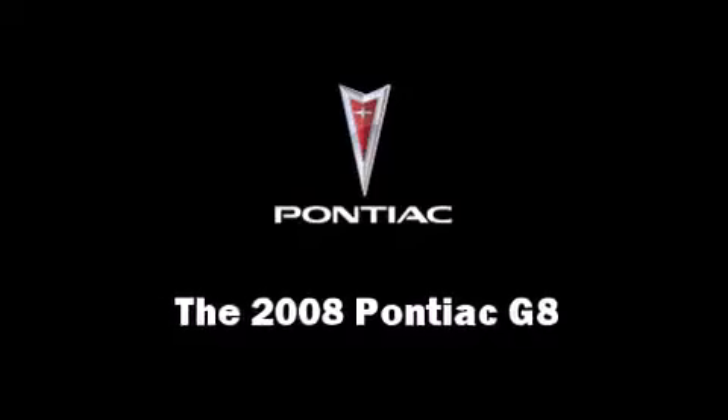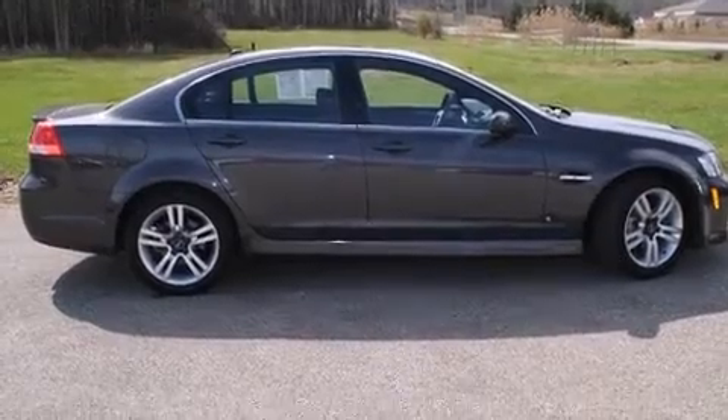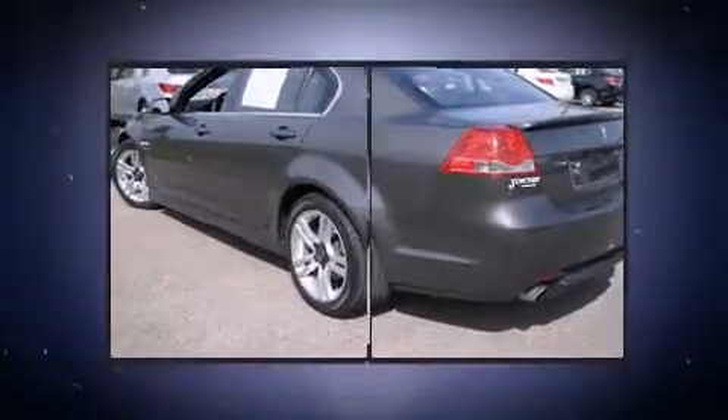This four-door, five-passenger sedan has just over 15,000 miles. It features an automatic transmission, rear-wheel drive, and a refined six-cylinder engine.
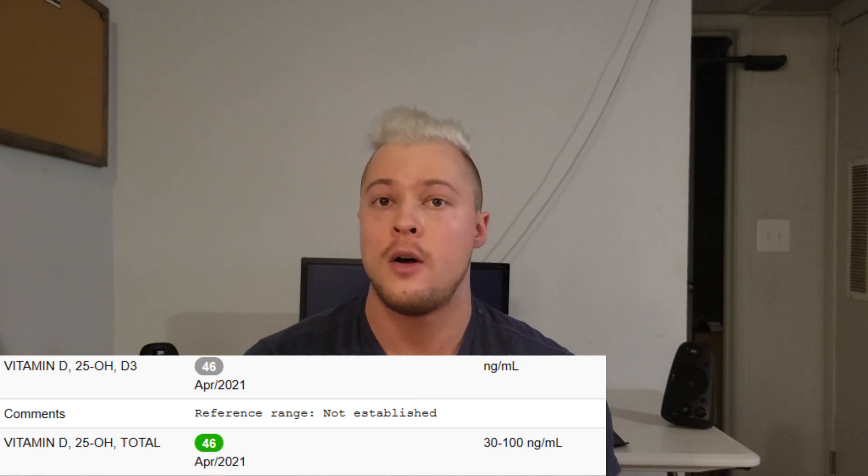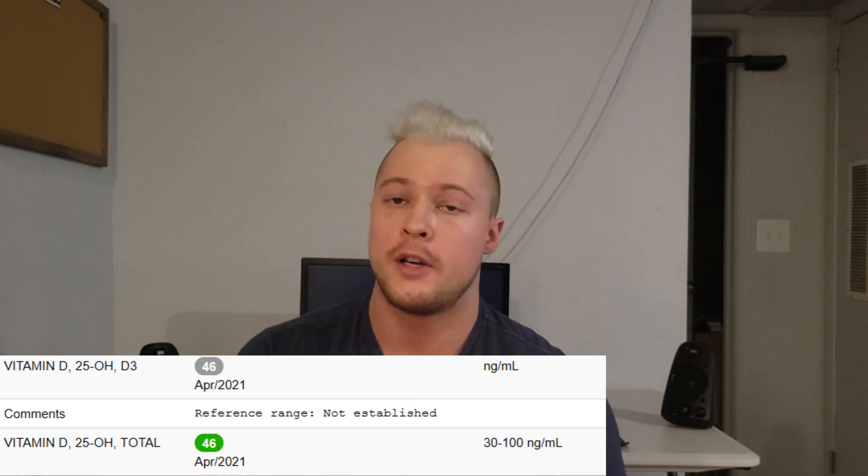After two months, my blood results came back at 46 nanograms per mL, which is really good — better than I thought. What's considered optimal is 50 nanograms per mL, so I'm basically right there.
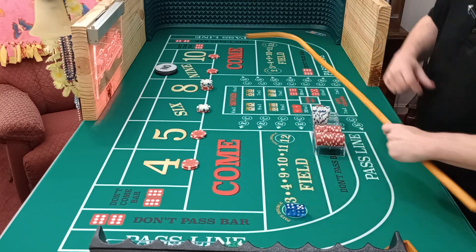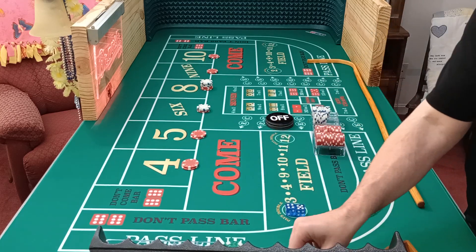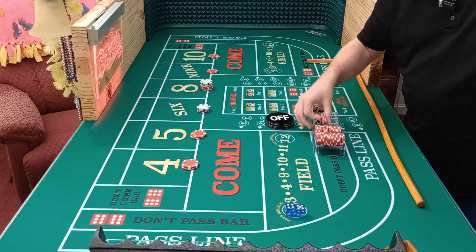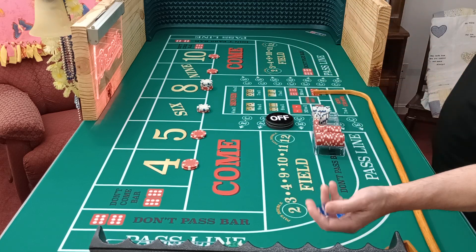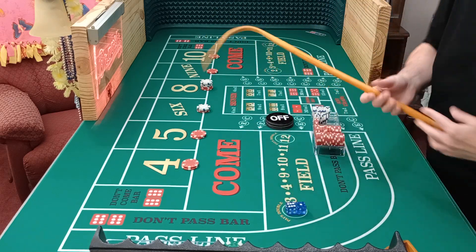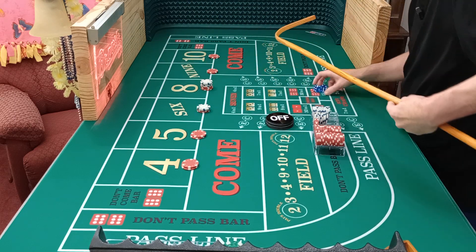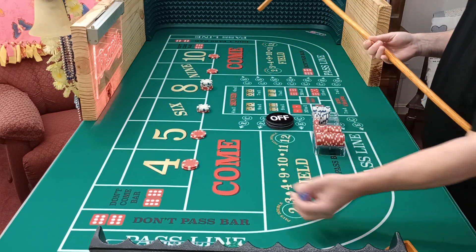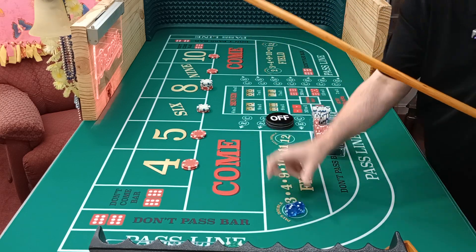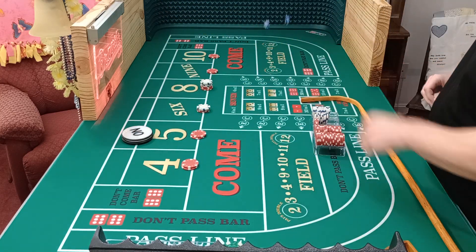Nine — that's our point on. Drop the dollar, get the 15. That's going to be a full collect. Put that in our rack. New point will be — not big red. Well, I'm glad the puck was off. Five will be our point. Let's hit the five a couple times. Here we go.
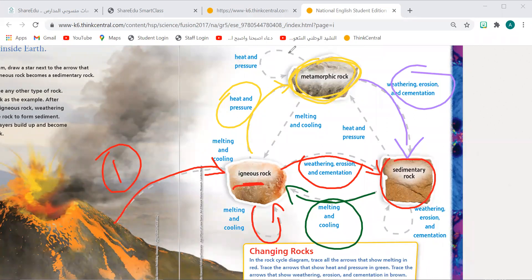Also, sedimentary rock can go back to be metamorphic. How? By heat and pressure. And metamorphic rock — if they are melting and cooling, they will become igneous rock. Excellent, very good.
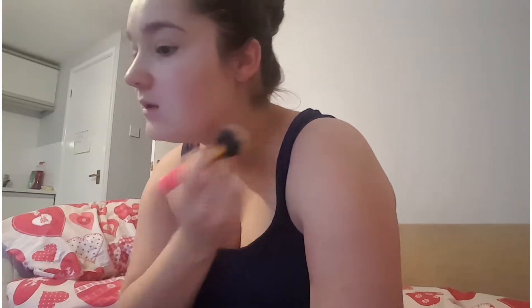I thought maybe putting some makeup on might make me feel a bit better. It's a bit stupid really, isn't it? It just gives me so much to do, I guess.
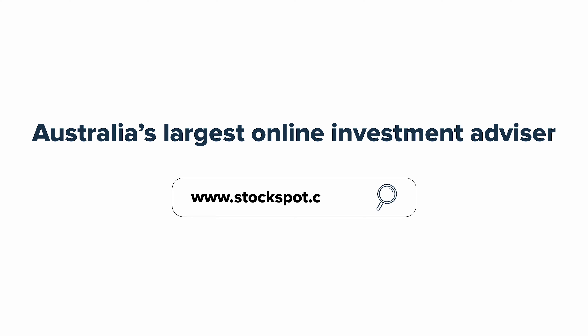If you are interested in this particular ETF or any of the others that we offer as part of our portfolios, come to our website to find out more at stockspot.com.au.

▬▬▬

Brief - Could you set down, exactly as written, every line from the start of the records above through the line containing "Also, sedimentary rock", leaving the pictures out?

Output for this exercise -
This four-door, five-passenger sedan has just over 15,000 miles. It features an automatic transmission, rear-wheel drive, and a refined six-cylinder engine.
After two months, my blood results came back at 46 nanograms per mL, which is really good — better than I thought. What's considered optimal is 50 nanograms per mL, so I'm basically right there.
Nine — that's our point on. Drop the dollar, get the 15. That's going to be a full collect. Put that in our rack. New point will be — not big red. Well, I'm glad the puck was off. Five will be our point. Let's hit the five a couple times. Here we go.
Also, sedimentary rock can go back to be metamorphic. How? By heat and pressure. And metamorphic rock — if they are melting and cooling, they will become igneous rock. Excellent, very good.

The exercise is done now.